Cedric Morris & Christopher Wood: A Forgotten Friendship
20th October to 31st December 2012

The Norwich Castle Open Art Show 2012: Vision & Reality
20th October to 9th December 2012

Norwich Castle Museum & Art Gallery
NR1 3DD (Sat Nav, nearest car park Castle Mall)

Both exhibitions are open daily: Monday – Saturday 10am to 4.30pm, Sundays 1pm – 4.30pm

in constable country, again

Monday 11 June 2012

last year, i wrote that i planned to make a winter visit to constable country. well, dear reader, i did make a special visit to ‘Constable country’ in early march, which as any British person or Englishman will unhappily remind you if asked, still felt like the depths of winter. it was a bright day, on the cusp between winter and spring, the trees were still bare of leaves but the many surrounding fields were a vibrant shade of green with the sowings of winter wheat.

willy lotts cottage, dedham, constable country

Willy Lott’s cottage, Flatford Mill, March 2012

i was very pleased the two ducks stopped waddling briefly for this photograph by the glassy millpond at flatford mill, but i was disappointed the glare of the sun burnt out the white fluffy clouds. the owners of Flatford Mill (now a field studies centre) must work very hard to preserve this iconic English pastoral scene so that visitors can say how wonderfully it still resembles the famous painting nearly two hundred years later.

here is a small reminder of the painting…

the haywain, national gallery

The Hay Wain, 1821 © National Gallery, London

and here is my ‘impromptu’ contemporary reference to the hay wain

the hay wain, 2011

a toy farm trailer in a farm trailer, round about noon, early september 2011

and so began a very pleasant circular walk around flatford, firstly across a lush green meadow, meeting with some inquisitive sheep…

three sheep in a field, dedham, constable country

[in the (brief) company of wolves]

i had heard that in ‘Constable country’ there are powers in place to minimise unsightly blots on the landscape such as electricity pylons, but it was only a few minutes into our walk (after the brief encounter with the ‘wolves’) when i looked up and saw this…

electricity pylon, flatford, dedham vale, constable country

[an electricity pylon & power lines spanning constable country]

no matter; i was here for the day to walk about and maybe sketch a little, to see some ‘Constable’ scenery…

we passed by and walked around a lovely old woodland, called ‘the grove’ – and we didn’t meet any other walkers along the path. i made a note of this old, weathered tree stump (below, sketched from two angles) as perhaps being an old hawthorn as it was very tightly gnarled and twisted but was also quite small compared to the other trees. these are two very quick sketches. sketching tree forms such as this feels much like gestural life-drawing; you work within the restraints given and you try not to be too ‘precious’ about it.

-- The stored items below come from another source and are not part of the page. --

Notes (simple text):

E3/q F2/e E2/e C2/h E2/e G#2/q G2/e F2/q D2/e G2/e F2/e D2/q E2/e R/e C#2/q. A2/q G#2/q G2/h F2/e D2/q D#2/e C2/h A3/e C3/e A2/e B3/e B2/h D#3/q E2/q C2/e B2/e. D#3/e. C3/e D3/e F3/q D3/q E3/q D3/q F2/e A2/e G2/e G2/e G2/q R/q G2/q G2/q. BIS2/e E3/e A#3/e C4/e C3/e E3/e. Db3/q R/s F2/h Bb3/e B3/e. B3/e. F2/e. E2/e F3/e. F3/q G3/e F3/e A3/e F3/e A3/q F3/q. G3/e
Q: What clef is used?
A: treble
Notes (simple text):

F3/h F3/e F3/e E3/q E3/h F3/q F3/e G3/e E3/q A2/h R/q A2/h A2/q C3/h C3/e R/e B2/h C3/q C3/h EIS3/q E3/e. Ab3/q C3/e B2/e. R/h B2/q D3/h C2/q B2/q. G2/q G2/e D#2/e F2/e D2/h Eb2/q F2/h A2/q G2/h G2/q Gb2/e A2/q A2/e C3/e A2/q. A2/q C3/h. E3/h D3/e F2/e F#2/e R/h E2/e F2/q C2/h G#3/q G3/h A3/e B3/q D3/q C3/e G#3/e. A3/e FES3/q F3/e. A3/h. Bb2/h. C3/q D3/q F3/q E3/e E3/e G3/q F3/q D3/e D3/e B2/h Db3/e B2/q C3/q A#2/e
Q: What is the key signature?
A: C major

sketchbook drawings of old, gnarled trees, near flatford, dedham vale, constable country

two more very quick bark/tree sketch studies, in graphite, drawn while standing…

further on, the landscape opened out and i made some notes of the field names (based on the map). the second sketch is a view looking down a hill back towards flatford mill. the third sketch is looking at the wide expanse of dedham vale, with gibbonsgate field, miller’s field and church field.

sketchbook, sketches of fields and hedegrows, flatford, dedham vale, constable country

three sketches, a winter hedgerow and some green fields…

towards the end of the walk we met a dog walker, or rather his two dogs made their keen acquaintances with us – and shortly after that i found this large piece of metal detritus on the perimeter of a ploughed field – a very mangled, flattened tin bucket – and i considered it to be the finest ‘Constable country’ find of the day.

old tin bucket, constable country

a constable country souvenir, a very mangled, flattened tin bucket (verso)

it was a very pleasant, relaxing walk (with afternoon tea taken later on in the day at a delightful Dedham teashop), but it was not possible to walk far and also find time to draw; so, i enjoyed the walking.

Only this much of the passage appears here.